Optional changes for VMS

Global file directory and the /usr path

You may want to change the location of the global file directory ( macro GLOBAL_ANTIWORD_DIR in header-file antiword.h ) holding the files from the [.resources] subdirectory:
change /usr/share/antiword to a different location (in Unix syntax), unless You define a VMS logical device "/usr" ( USR:[SHARE.ANTIWORD] ).
On my system the logical usr looks like this:
"USR" [super] = "SYS$SYSDEVICE:[UTIL.]" [concealed] (LNM$SYSTEM_TABLE)
I will not change the source for this , since there is no convention in VMS for those user-shared files (or ?).
VMS 7.3-1 introduces a SYS$POSIX_ROOT logical: simply create the usr/ directory tree under SYS$POSIX_ROOT.
V 0.34so uses an environment-variable ANTIWORDHOME to find the global setup directory. Define it in VMS as a logical, directory-name in VMS-syntax (dev:[directory]).

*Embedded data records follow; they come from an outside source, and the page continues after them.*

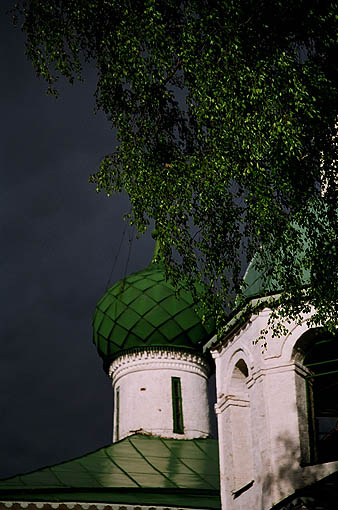 Kostroma. Church of Elija, the Prophet on Gorodische. XVII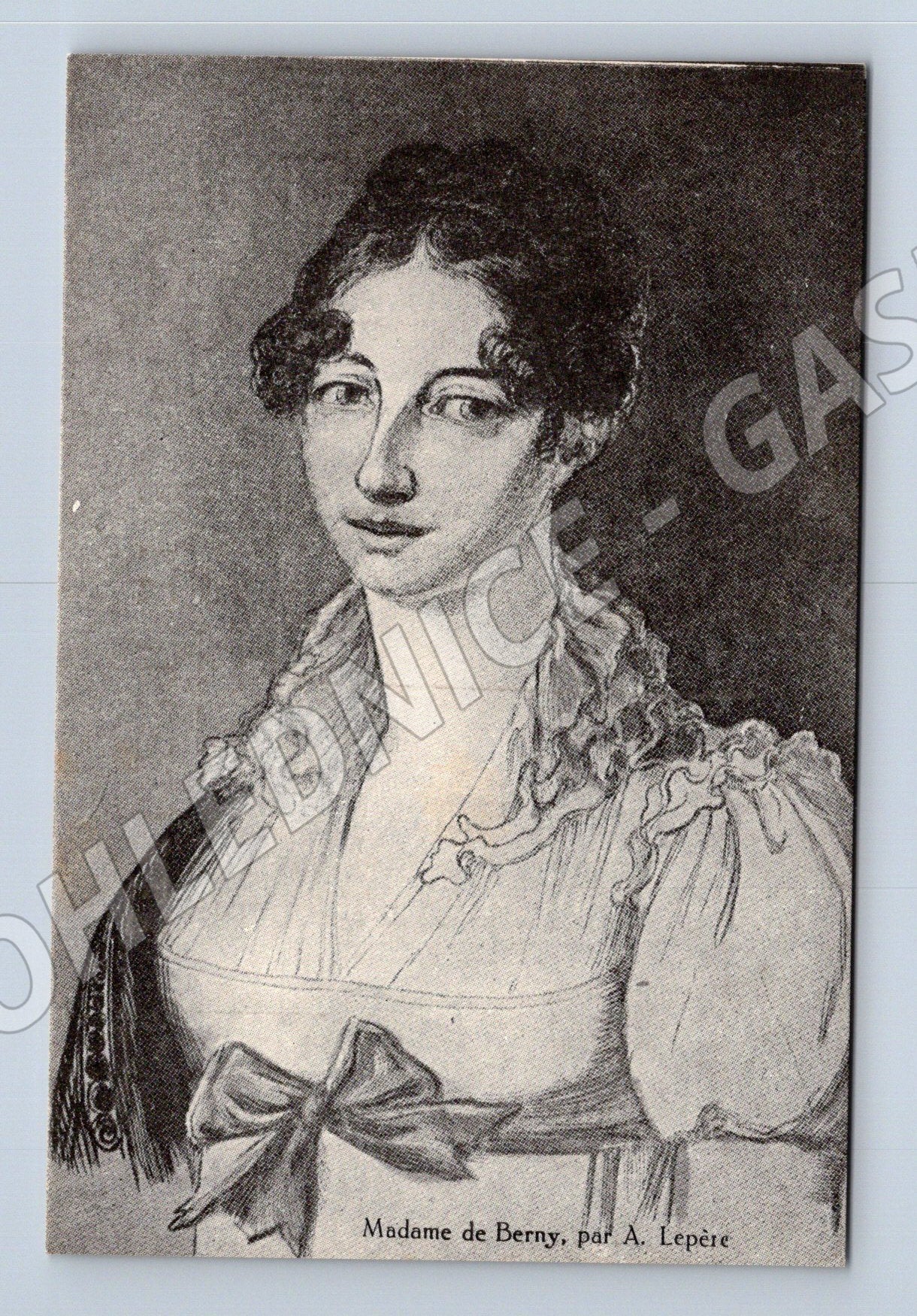 Pohlednice Madame de Barry – portrét (M13734)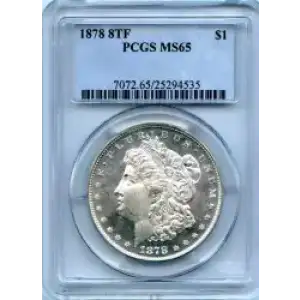 Morgan Silver Dollar (3)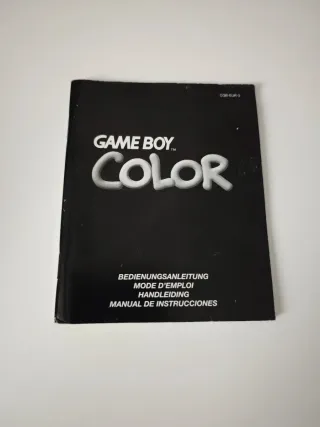 Nintendo Game Boy Color Verde + Adaptador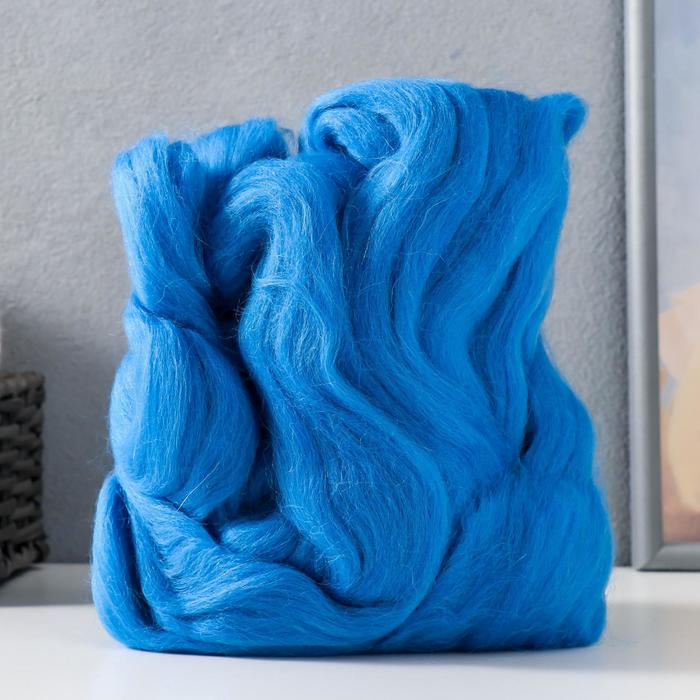 Гребенная лента 100% полутонкая шерсть 100гр (420 арктика)
Гребенная лента 100% полутонкая шерсть 100гр (420 арктика)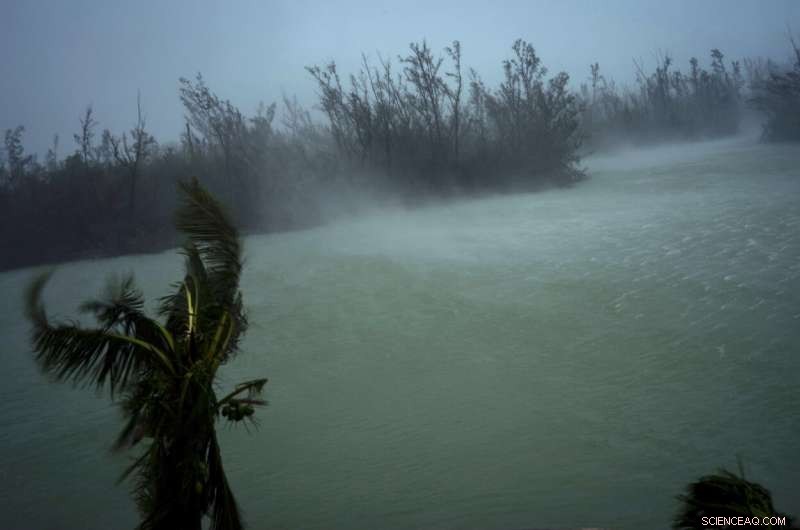 Deadly Hurricane Dorian Stalls Over the Bahamas, Causing Massive Damage
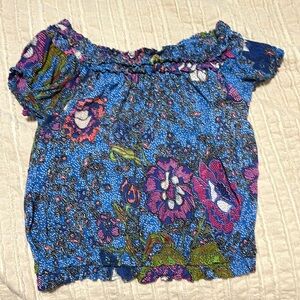 Free People Suki off shoulder blouse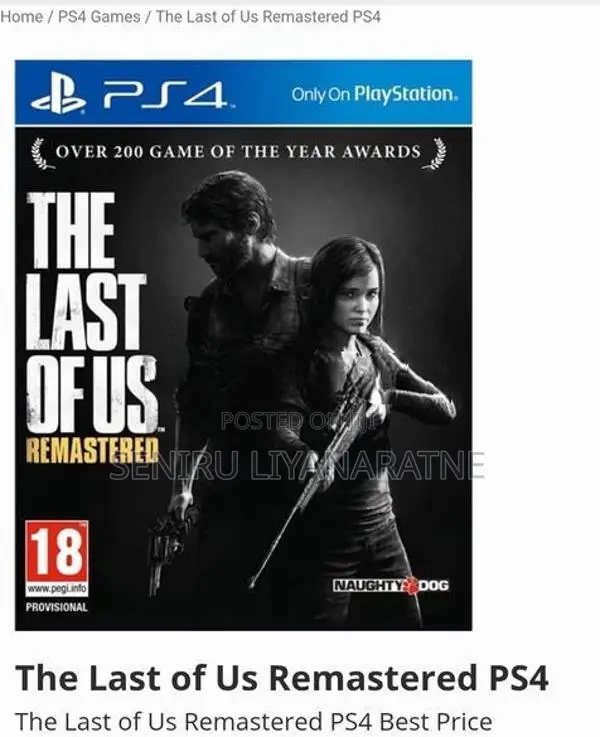 PS4 Games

DEBUG option and the /tmp path

To compile the sources with the DEBUG option, have a look into the *2eps.c files: they write image files to a directory /tmp/pics/...

Either define a concealed logical TMP (e.g. to point to sys$scratch), or change the 3 source files to point to sys$scratch: instead of /tmp/pics/.
All newer VMS versions (since V7.?) contain a DECC RTL, with a specific handling of "/tmp": it translates to sys$scratch, if no "tmp" logical is defined. So usually it is enough to create a directory [.pics] in your user root.

Installation:


define a foreign command pointing to antiword.exe
or
copy antiword.exe into dcl$path:

Setup/font files:

System-wide: copy the [.resources] file into the directory defined by /usr/share/antiword

Private: create directory [.ANTIWORD] in sys$login:
copy the [.resources] files into the newly created directory.

Usage


Produce a postscript file from a word-document:

pipe antiword -p a4 file.doc >file.ps

A DCL commandfile in our DCL$PATH directory does the postscript conversion and X11 display with Ghostscript in one go:
wordviewer.com

Use it in a commandline like this: wordviewer testdoc

Comment applying to all GNU/Unix style programs compiled with DECC:

The interpretation of command-line switches and path-names can be influenced by several DECC$* logical names, most important ones are:

$ define DECC$ARGV_PARSE_STYLE "ENABLE"
$ SET PROCESS/PARSE_STYLE=EXTENDED 

 These 2 settings  preserve case of foreign command-lines
 ( otherwise `antiword -L` has to be typed as `antiword -"L"` )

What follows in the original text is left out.